Data:
□ □ □

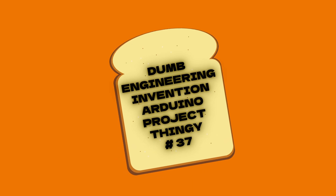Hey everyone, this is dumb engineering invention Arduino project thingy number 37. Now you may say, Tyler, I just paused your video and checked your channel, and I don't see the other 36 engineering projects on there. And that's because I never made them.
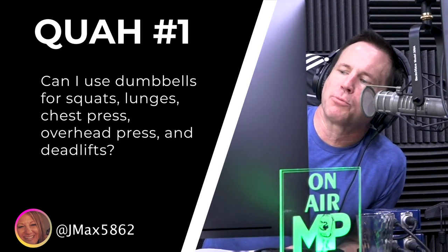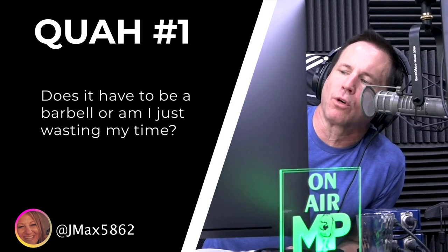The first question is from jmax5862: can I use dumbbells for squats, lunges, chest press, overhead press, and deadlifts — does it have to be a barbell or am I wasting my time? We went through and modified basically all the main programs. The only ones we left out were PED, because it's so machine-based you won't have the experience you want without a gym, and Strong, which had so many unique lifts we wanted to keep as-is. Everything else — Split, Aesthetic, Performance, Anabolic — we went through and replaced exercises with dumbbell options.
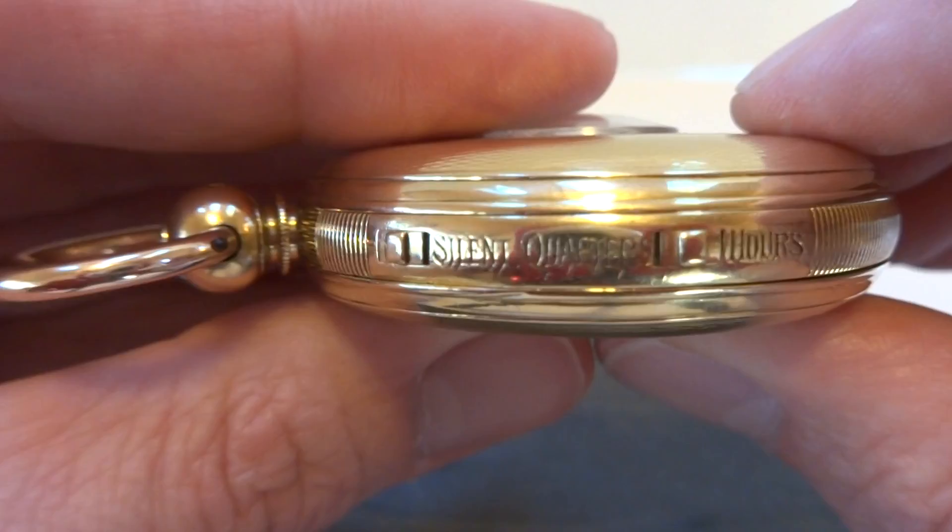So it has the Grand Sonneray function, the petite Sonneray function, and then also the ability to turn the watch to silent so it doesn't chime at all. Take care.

□ □ □

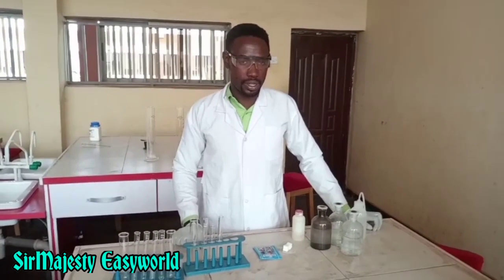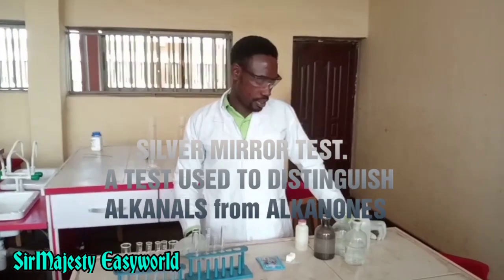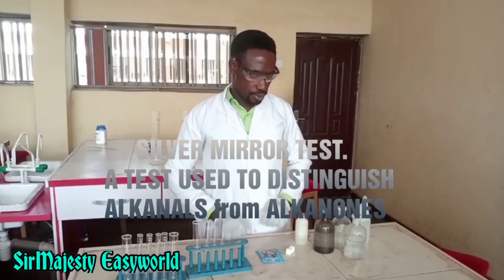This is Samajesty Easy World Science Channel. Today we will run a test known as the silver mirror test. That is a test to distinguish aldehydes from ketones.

□ □ □

Task: Exactly as written above, retype the lines starting at the one holding "The first question" and ending at the one holding "So it has the", both included, but not the pictures.

The answer:
The first question is from jmax5862: can I use dumbbells for squats, lunges, chest press, overhead press, and deadlifts — does it have to be a barbell or am I wasting my time? We went through and modified basically all the main programs. The only ones we left out were PED, because it's so machine-based you won't have the experience you want without a gym, and Strong, which had so many unique lifts we wanted to keep as-is. Everything else — Split, Aesthetic, Performance, Anabolic — we went through and replaced exercises with dumbbell options.
So it has the Grand Sonneray function, the petite Sonneray function, and then also the ability to turn the watch to silent so it doesn't chime at all. Take care.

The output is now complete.